Friday, August 29, 2008

Book 3, Chapter 1, Act 1, Scene 1: R-evolution

To think I have to start a new book when I'm feeling sick. =P C'est la vie.

It's been a month of self-reflections and answering questions I was afraid to ask. I am still alive and kicking; albeit I do have more than my fair share of cuts and bruises. But I am still thinking, therefore, I am.

Let me just get out of the way what needs to be said for the first and last time. At the end of the last book, I mentioned that I am moving away from this site and blog because of certain personal reasons. I believe that since that has been sorted out, I shouldn't be moving on to another site.

To lose someone who meant so much to you is really hard. But surprisingly, I found it much easier this time around. Maybe it was because I knew it was coming, or that I had come to the point of 'tawar hati', or maybe even the combination of the two. Don't get me wrong, I'm not saying I had fallen out of love with her. On the contrary, I loved her so much, it was hurting our friendship. But deep down, I knew it would have turned out this way, sooner or later. And for the sake of her happiness, I'd rather it be sooner.

Why her happiness you ask? Because leaving was never an option for me. It became harder(easier?) when everything you did was wrong and everything that went wrong was conveniently blamed on you. And being the person that I am, I let it be. It came to the point that I felt that if I argued, I would only push her away. SO I let it be...and everything that went wrong, became my doing.

And so the pattern begins - the non-replies, the anger, the hate, the frustrations and finally, the ignore.

And for me, the realisation came when Shukor asked, 'Why did you give up so easily now?'

'Because I knew that in the end, if I loved her way more than she could ever hope to love me, she would still leave me. And I would only be forcing her to be with me for that moment in our lives and it wouldn't be fair.'

'Anyway, she could never love me. So there's no point. I am only prolonging our own suffering.' was my reply.

Then he asked, 'So what did you do?'

'What could I do? I wished her the best and hoped she could wish the same for me. But she didn't reply. From time to time,I think about her and I send her a text. But I know all I'm ever going to get is silence.'

And finally, it hit me. That I had known from the very beginning how it would end. And I was doing everything I could so the day wouldn't come, not realising with every effort, I was moving closer to the day. Everything I had said to assure my friends, was now coming back to haunt me. And it was, my fault.

The most hurtful thing is that, I could not understand how she could hate me so much. After all we've been through in our friendship, that hurt the most.

So what now?

I've decided I am going to observe now. Honestly, my heart is so broken, I can't imagine risking it to another person right now. And so, I withdraw; beaten and defeated. Every breath I take reminds me of the stinging pain in my lungs.

And I smoke. And I eat. And I sleep. For this moment, I distract myself.

On the plus side, I work hard. As hard as I can..to prove to myself, once again.

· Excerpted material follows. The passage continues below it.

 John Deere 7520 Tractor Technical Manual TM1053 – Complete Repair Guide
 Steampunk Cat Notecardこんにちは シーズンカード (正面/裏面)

I only have to prove myself to one person. I have no one to work for anymore. And so, I must prove it to myself.

And from time to time, I allow myself a memory of her.

When another girl wearing Escada walks past, I smile.

Or when I visit places we used to frequent, I smile.

Or when I eat what she used to like, I smile.

But they are all I have left of her. Memories.. but at least, they make me smile.